**DATA EXCERPTS**
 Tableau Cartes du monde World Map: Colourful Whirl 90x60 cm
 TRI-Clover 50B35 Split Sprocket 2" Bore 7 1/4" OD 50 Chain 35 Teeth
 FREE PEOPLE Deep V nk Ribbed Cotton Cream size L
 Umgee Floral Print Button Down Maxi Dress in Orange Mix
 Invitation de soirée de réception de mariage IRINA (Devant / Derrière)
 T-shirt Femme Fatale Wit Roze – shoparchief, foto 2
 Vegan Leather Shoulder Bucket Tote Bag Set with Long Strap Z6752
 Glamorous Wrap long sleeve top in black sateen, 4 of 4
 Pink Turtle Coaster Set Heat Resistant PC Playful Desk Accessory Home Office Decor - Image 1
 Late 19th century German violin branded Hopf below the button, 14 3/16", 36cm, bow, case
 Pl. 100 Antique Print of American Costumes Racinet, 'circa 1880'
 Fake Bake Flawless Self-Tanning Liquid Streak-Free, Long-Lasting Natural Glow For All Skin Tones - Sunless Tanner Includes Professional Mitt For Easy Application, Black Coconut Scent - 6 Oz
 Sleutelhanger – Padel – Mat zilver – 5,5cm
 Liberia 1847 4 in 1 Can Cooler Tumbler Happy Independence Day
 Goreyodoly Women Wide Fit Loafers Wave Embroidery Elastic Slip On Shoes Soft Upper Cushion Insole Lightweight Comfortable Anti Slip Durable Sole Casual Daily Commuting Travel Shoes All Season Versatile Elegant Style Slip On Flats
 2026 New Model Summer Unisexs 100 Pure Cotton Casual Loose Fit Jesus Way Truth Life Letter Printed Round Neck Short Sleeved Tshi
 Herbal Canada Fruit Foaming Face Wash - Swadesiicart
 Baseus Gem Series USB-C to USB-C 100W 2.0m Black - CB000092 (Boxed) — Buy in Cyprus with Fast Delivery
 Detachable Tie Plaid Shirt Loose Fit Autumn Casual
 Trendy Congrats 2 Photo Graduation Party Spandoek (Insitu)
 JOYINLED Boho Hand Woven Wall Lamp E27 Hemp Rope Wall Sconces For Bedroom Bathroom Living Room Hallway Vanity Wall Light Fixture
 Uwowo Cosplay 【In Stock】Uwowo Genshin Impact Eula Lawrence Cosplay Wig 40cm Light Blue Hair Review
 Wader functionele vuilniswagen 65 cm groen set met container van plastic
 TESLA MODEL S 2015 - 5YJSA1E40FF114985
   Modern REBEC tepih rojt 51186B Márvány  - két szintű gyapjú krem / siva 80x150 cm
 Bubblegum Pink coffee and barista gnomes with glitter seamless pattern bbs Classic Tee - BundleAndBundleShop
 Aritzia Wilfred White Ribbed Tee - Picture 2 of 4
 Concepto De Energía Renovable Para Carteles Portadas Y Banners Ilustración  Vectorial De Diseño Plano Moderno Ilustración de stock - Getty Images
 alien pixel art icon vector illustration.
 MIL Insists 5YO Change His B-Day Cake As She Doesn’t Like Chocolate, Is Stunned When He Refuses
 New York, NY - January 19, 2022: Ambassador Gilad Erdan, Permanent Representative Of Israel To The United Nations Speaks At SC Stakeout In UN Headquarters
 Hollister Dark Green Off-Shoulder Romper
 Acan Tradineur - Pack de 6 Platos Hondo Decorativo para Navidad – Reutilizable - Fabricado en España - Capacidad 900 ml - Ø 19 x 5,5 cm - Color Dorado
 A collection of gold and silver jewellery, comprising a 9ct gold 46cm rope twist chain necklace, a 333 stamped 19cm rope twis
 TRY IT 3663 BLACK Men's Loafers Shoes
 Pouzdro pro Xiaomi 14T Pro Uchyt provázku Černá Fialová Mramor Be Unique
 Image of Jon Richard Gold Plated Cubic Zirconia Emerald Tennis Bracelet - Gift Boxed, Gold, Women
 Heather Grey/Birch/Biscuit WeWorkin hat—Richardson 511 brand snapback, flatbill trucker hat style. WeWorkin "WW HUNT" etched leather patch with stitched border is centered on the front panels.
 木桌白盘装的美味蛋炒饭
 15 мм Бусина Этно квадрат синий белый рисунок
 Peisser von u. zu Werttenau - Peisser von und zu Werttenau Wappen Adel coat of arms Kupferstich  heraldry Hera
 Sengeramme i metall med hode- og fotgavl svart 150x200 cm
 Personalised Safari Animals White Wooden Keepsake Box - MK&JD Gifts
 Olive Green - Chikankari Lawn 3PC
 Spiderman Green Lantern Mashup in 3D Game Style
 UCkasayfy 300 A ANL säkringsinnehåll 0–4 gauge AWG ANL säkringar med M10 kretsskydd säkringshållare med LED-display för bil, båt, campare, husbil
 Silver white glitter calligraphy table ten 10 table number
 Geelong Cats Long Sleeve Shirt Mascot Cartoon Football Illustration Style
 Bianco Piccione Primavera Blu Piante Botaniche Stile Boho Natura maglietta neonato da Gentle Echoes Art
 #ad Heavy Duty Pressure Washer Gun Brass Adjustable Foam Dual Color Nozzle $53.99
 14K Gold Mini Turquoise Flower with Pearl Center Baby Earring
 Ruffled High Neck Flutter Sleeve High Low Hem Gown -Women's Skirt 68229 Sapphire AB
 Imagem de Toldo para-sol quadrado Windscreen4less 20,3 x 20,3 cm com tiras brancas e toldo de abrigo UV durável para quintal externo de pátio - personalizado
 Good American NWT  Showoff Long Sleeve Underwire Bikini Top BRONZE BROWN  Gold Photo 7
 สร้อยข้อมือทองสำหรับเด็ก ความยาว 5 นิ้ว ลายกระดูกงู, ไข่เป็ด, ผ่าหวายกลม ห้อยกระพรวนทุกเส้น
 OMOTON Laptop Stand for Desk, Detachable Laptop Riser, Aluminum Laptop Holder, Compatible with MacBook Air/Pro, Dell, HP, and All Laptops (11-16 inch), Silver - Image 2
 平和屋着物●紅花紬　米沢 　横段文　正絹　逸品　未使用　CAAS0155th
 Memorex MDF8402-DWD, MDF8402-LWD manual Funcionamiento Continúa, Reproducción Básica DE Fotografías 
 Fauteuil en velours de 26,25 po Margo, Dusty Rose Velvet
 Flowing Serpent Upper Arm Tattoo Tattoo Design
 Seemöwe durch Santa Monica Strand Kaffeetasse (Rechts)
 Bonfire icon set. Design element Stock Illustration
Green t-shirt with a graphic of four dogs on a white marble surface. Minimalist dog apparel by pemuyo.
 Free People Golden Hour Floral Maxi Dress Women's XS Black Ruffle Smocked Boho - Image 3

**WORK REQUIRED**
Nothing but the lines with "Desk" should be returned, copied from the entries above.

**RESULT OF THE EXERCISE**
 Pink Turtle Coaster Set Heat Resistant PC Playful Desk Accessory Home Office Decor - Image 1
 OMOTON Laptop Stand for Desk, Detachable Laptop Riser, Aluminum Laptop Holder, Compatible with MacBook Air/Pro, Dell, HP, and All Laptops (11-16 inch), Silver - Image 2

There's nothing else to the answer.